Dreams Worth More Than Money

         
0 3.5 out of 5 stars
Label:
Maybach Music Group, Atlantic
Featured Guest(s):
Nicki Minaj, Chris Brown, the Weeknd, Rick Ross, Jeremih
Producer(s):
Play Picasso, Tory Lanez, Bangladesh, Metro Boomin, Southside, Alex Delicata, Danny Morris, the Monarch, Kevin Cossom, DJ Khaled, Stoopid On Da Beat, Vinylz, Cubeatz, Allen Ritter, Cardo, Yung Exclusive, Boi-1da, Danny Boy Styles, Ben Billion$, Cali the Producer, OZ SykSense, Danja
Release Date :
June 29, 2015

A week after I moved to New York City in 2012 Meek Mill celebrated his new album, Dreams and Nightmares, with a release party at Electric Lady Studios. Jay Z and Will Smith came through, each departing before Meek, Wale, and Ross even arrived, having successfully fulfilled their obligations to make the listening session a capital-E Event. And indeed, the full breadth of New York's hip-hop media was in attendance to celebrate Meek's highly anticipated MMG debut. Dreams and Nightmares' title track, which would outlast its namesake to become a cult classic, set a powerful tone; as Meek Mill rapped along with his music, writers took to Twitter to hail the record. Twelve days later, Kendrick Lamar released good kid, m.A.A.d. city, and today, Dreams and Nightmares is widely remembered as an unofficial single with 13 b-sides trailing behind.

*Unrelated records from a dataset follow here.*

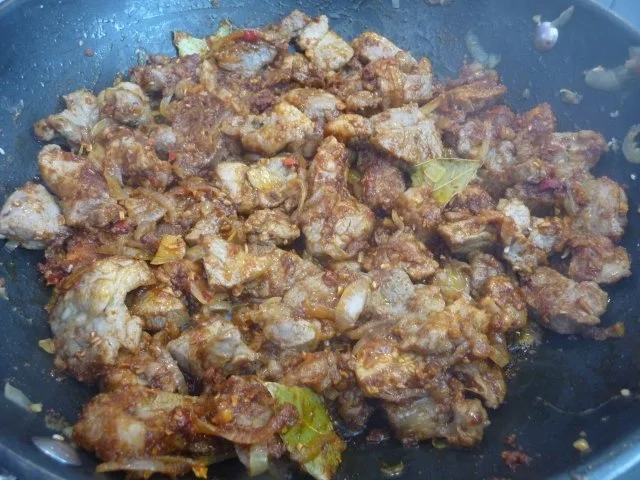 Rezept: Schwein : Gulasch vom Schweinehals (Kamm) Bild Nr. 12 Schwein : Gulasch vom Schweinehals (Kamm) - Rezept - Bild Nr. 12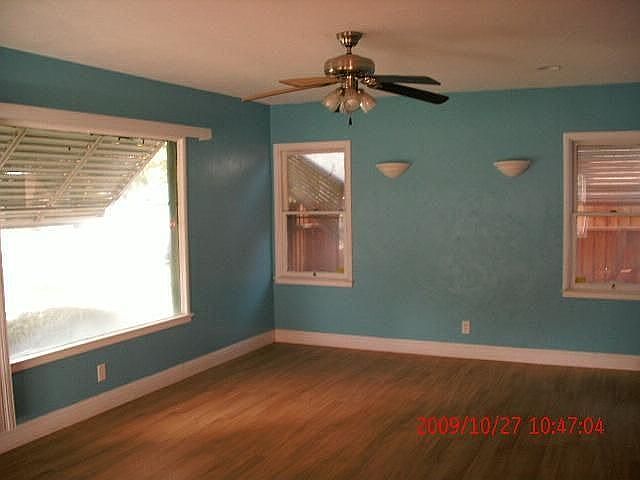 2nd image of 4025 E Lyell Ave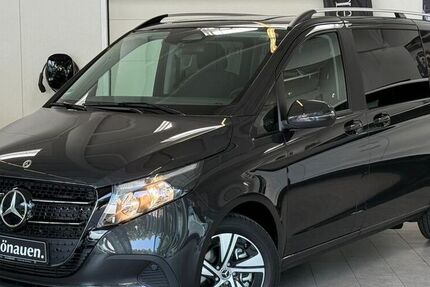 Mercedes V 220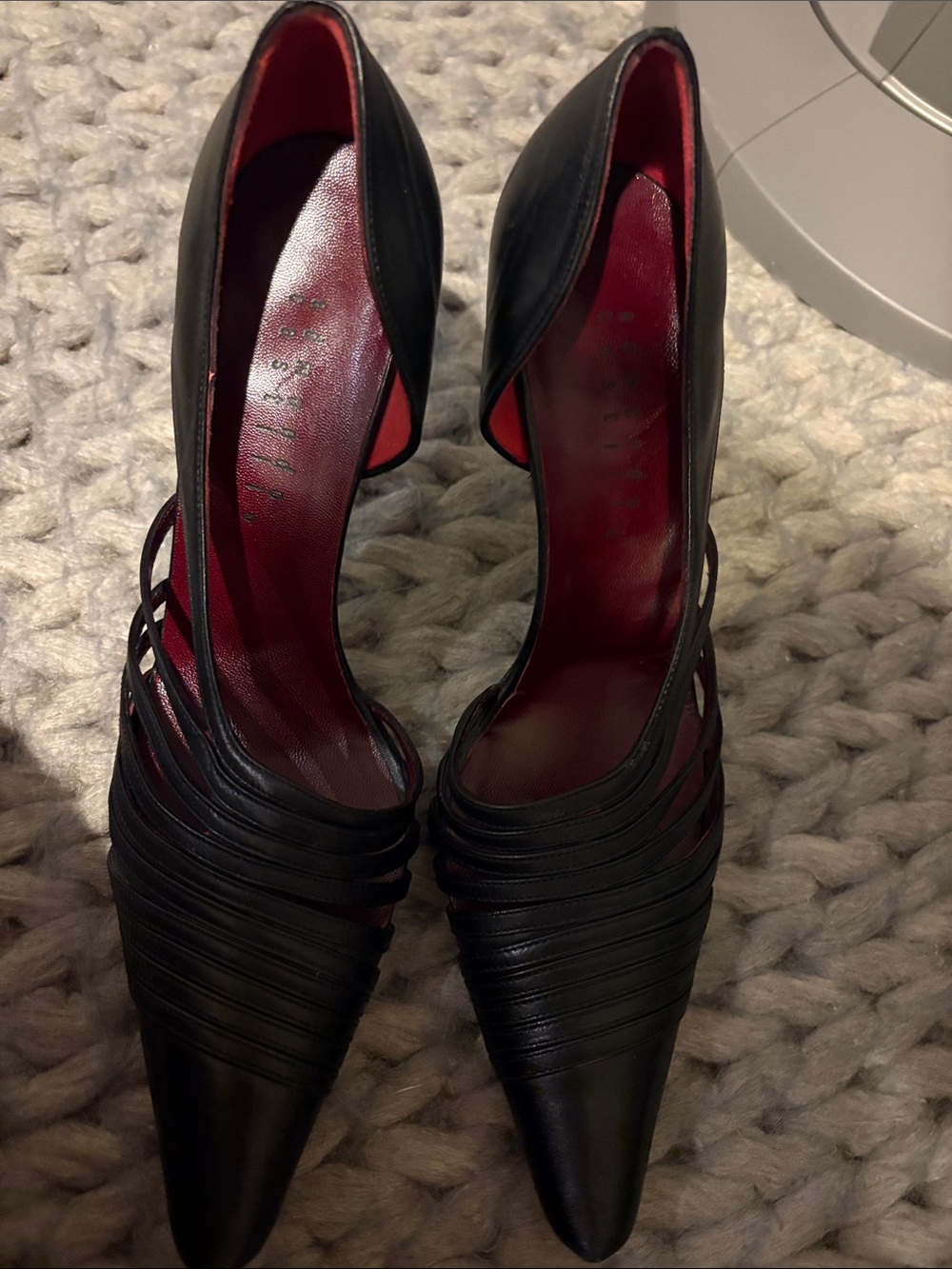 Black Pointed-Strap Women's Pumps - Brand Unspecified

Flawed though it may be, Meek Mill's Dreams Worth More Than Money is a much more consistent, more substantial record than Meek's 2012 debut. No single song will be stitched as thoroughly to hip-hop's fabric as "Dreams and Nightmares," but the album is much more likely to remain in rotation. When it comes to songwriting, Meek plays it safe, sticking to what he knows without reaching; "Classic," a Bangladesh-produced highlight featuring Swizz Beatz and Jeremih, is the unconventional exception, a toddling piano plunked over a stoned breakbeat occasionally underlined by a baritone sax and Jeremih's low-key vocalizations. Pushed right up front at track two, it suggests confidence in the project's shape.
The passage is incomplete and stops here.